Work task:
The output must be exactly the lines from the "BMW 3 E90 3" line through the end of the listing below, with no picture included.

Start of Material shown

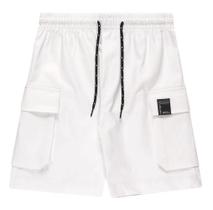 Bermuda Infantil Sarja Branca - Lamon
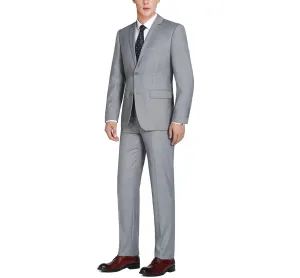 Renoir 202-2 Men's 2-Piece Single Breasted Notch Lapel Slim Fit Suit tailored fit
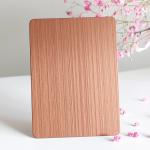 304 Stainless Steel Hairline Sheet 316 Brushed Stainless Steel Plate For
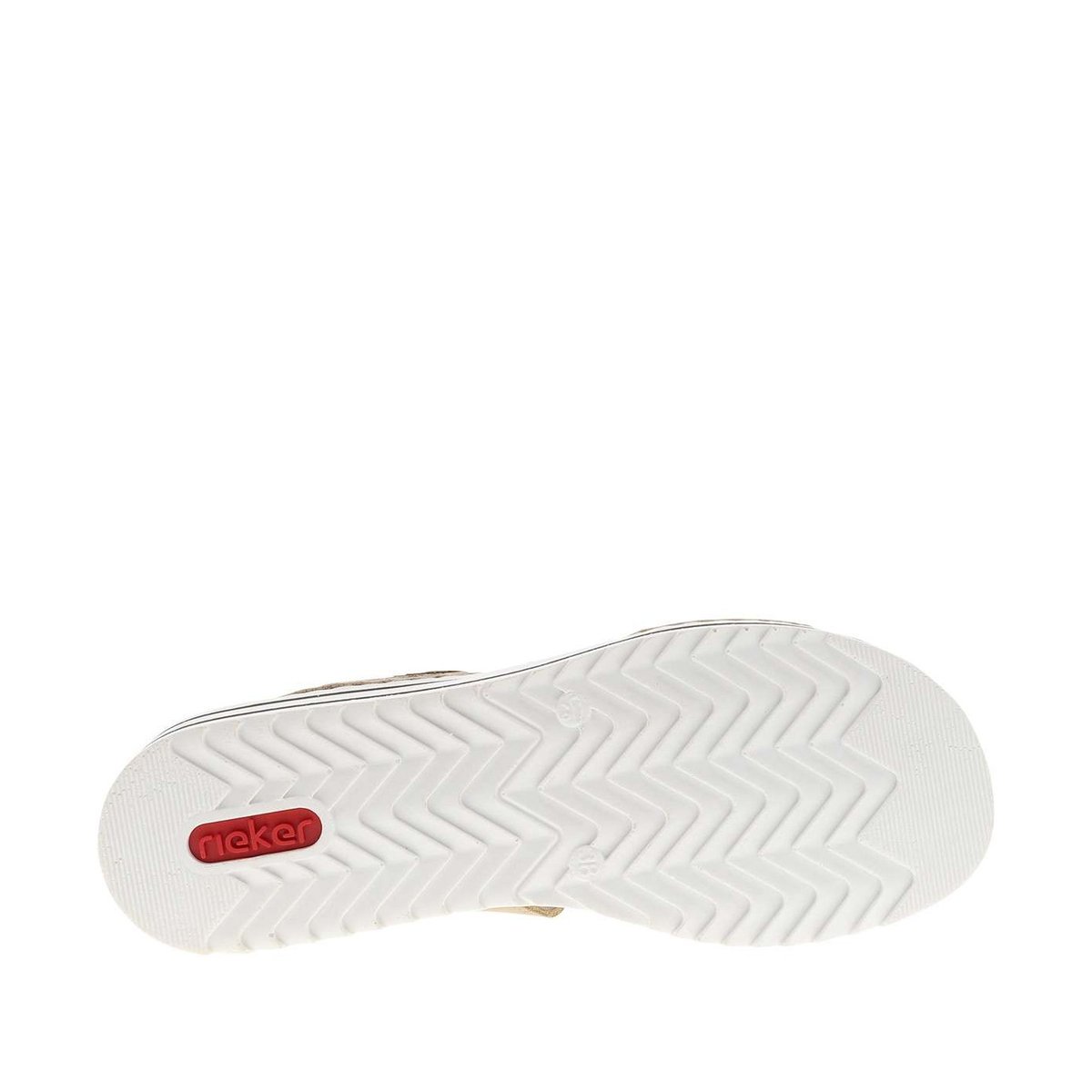 Mules femme beige beige, RIEKER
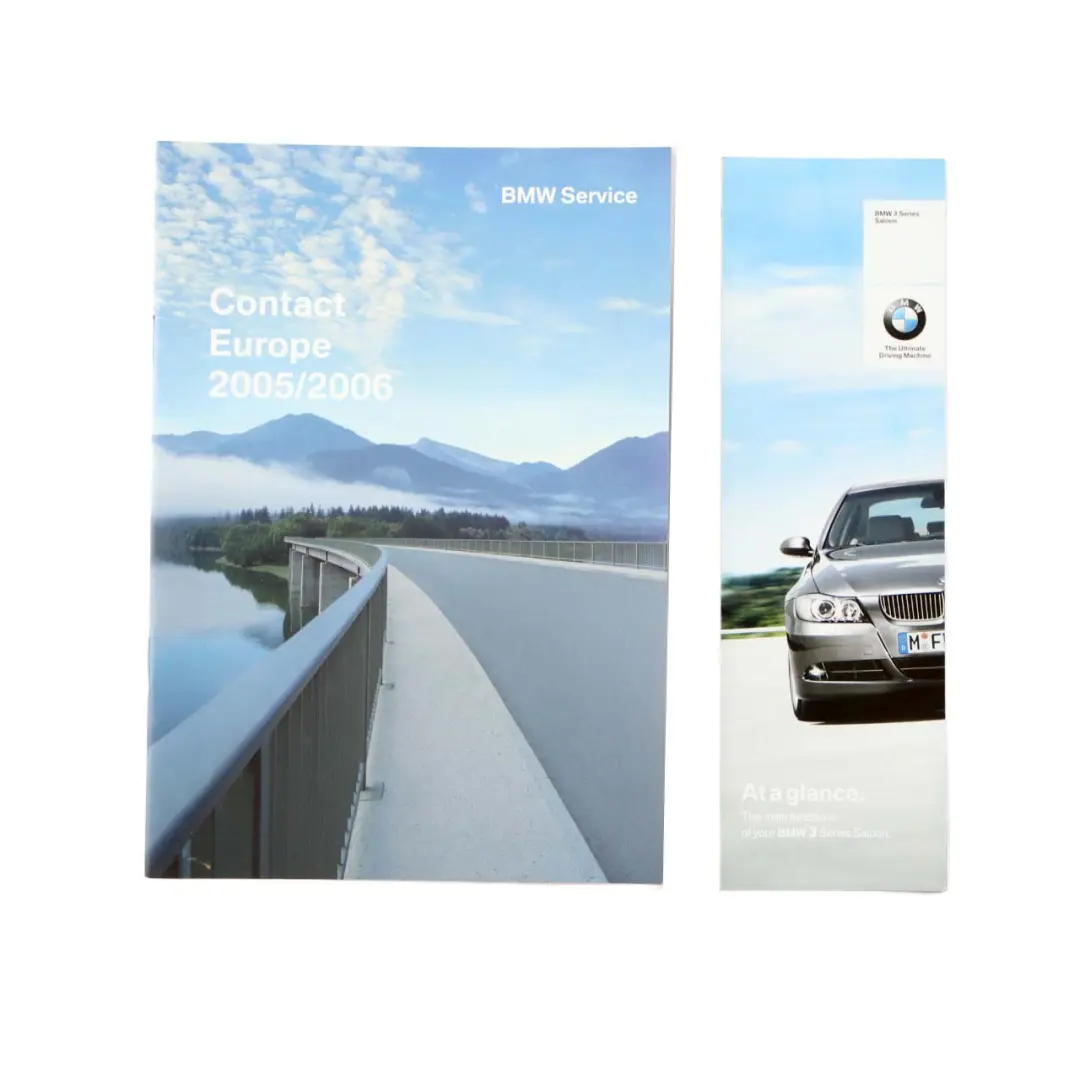 BMW 3 E90 3 Owner's Handbook Radio Instructions Pouch Case Wallet - SKU 2600001-3 - Part number 2600001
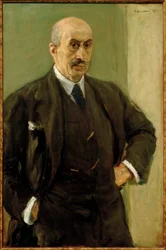 Autoportret w garniturze na stojąco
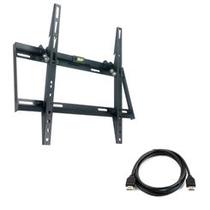 Suporte para tv inclinável de 32 a 55 + cabo hdmi - sbrp414 brasforma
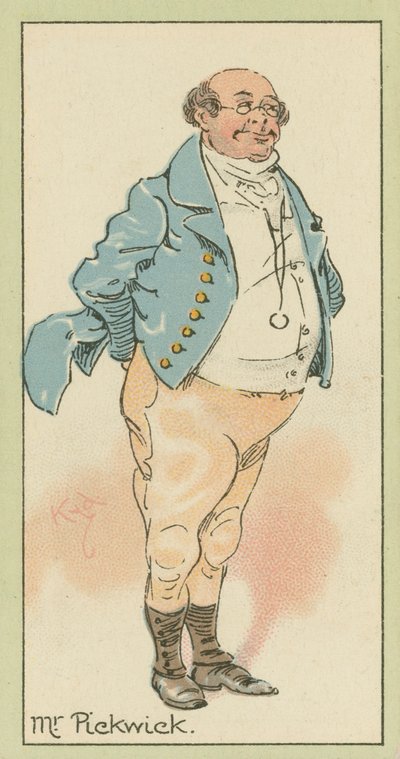 Pan Pickwick (kolorowa litografia) autorstwa Joseph Clayton (1856-1937) (after) Clarke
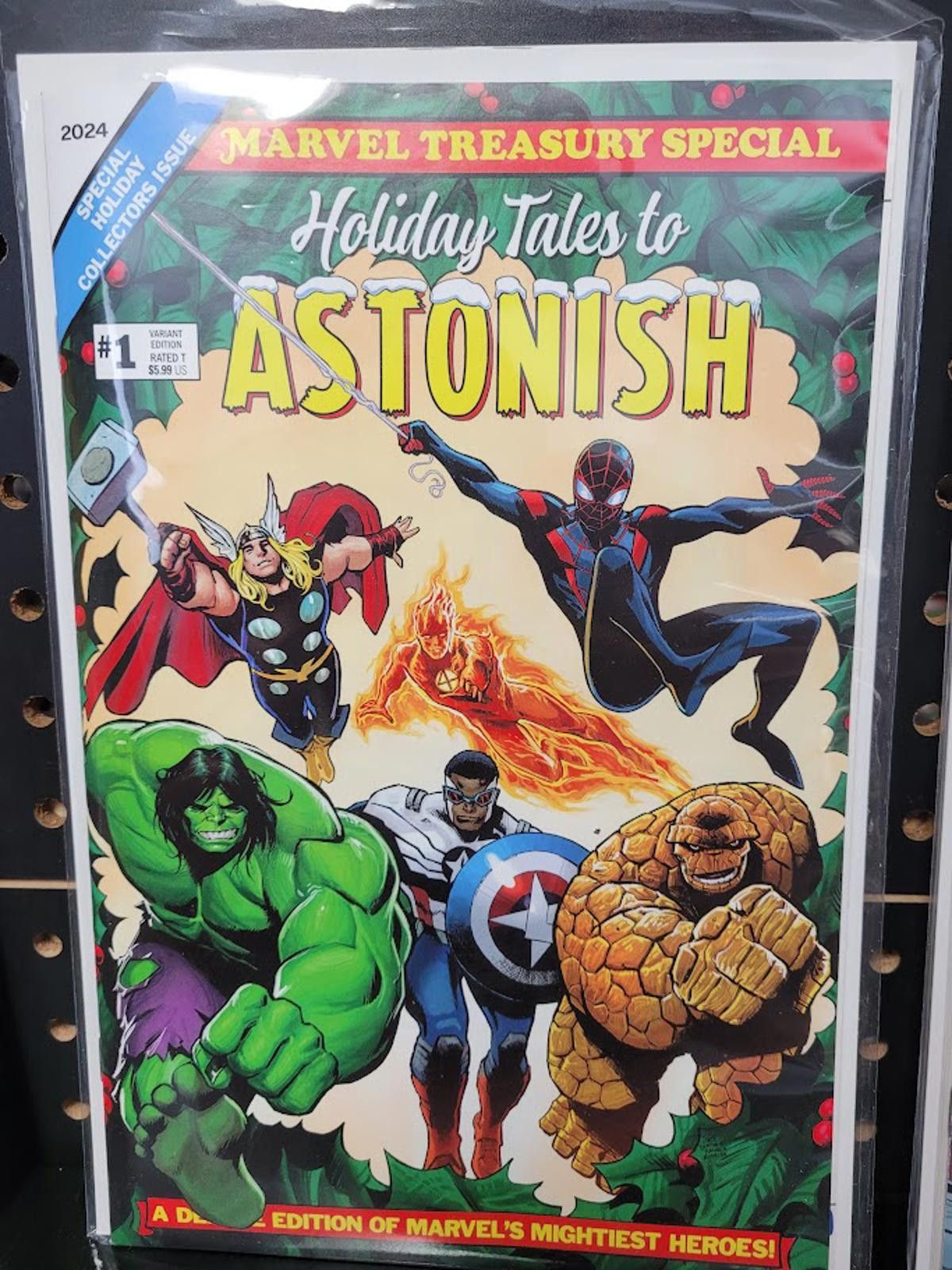 Marvel Comics 2024 Marvel Treasury Special: Holiday Tales to Astonish #1 Size ONE SIZE - 1 Preview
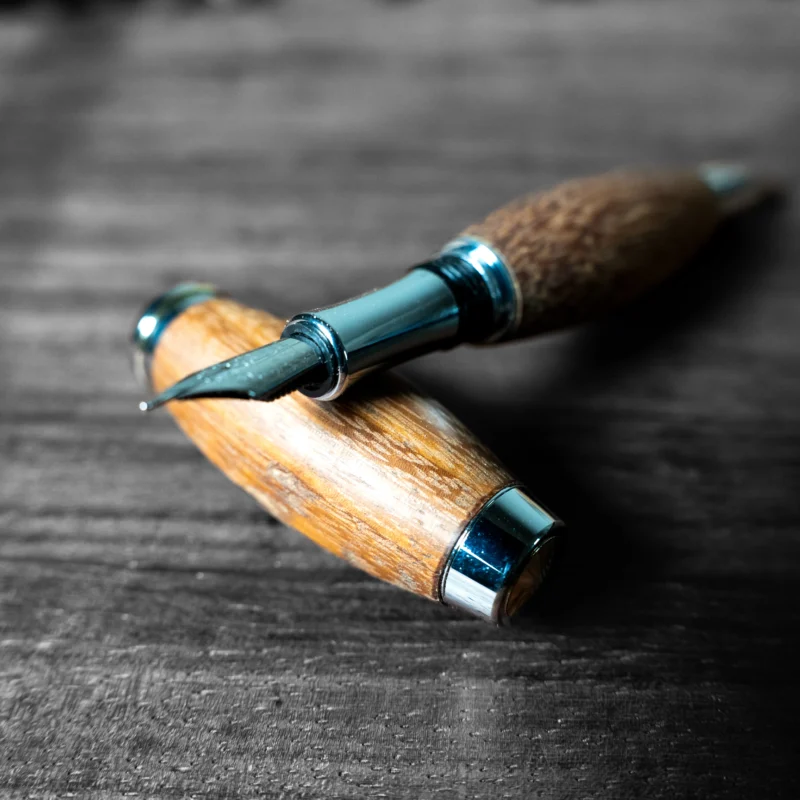 Luxury Teak Wooden Fountain Pen | Indonesia | Handcrafted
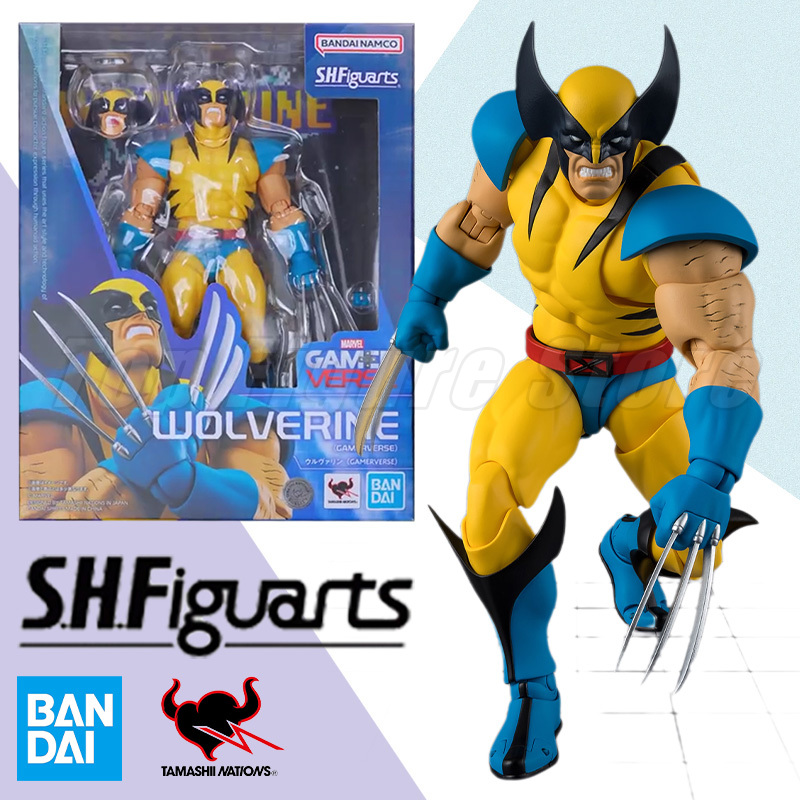 In Shock Original Bandai SHF X - Model Kit Wolverine ulasan dan harga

End of Material shown

Result for this task:
 BMW 3 E90 3 Owner's Handbook Radio Instructions Pouch Case Wallet - SKU 2600001-3 - Part number 2600001
 Autoportret w garniturze na stojąco
 Suporte para tv inclinável de 32 a 55 + cabo hdmi - sbrp414 brasforma
 Pan Pickwick (kolorowa litografia) autorstwa Joseph Clayton (1856-1937) (after) Clarke
 Marvel Comics 2024 Marvel Treasury Special: Holiday Tales to Astonish #1 Size ONE SIZE - 1 Preview
 Luxury Teak Wooden Fountain Pen | Indonesia | Handcrafted
 In Shock Original Bandai SHF X - Model Kit Wolverine ulasan dan harga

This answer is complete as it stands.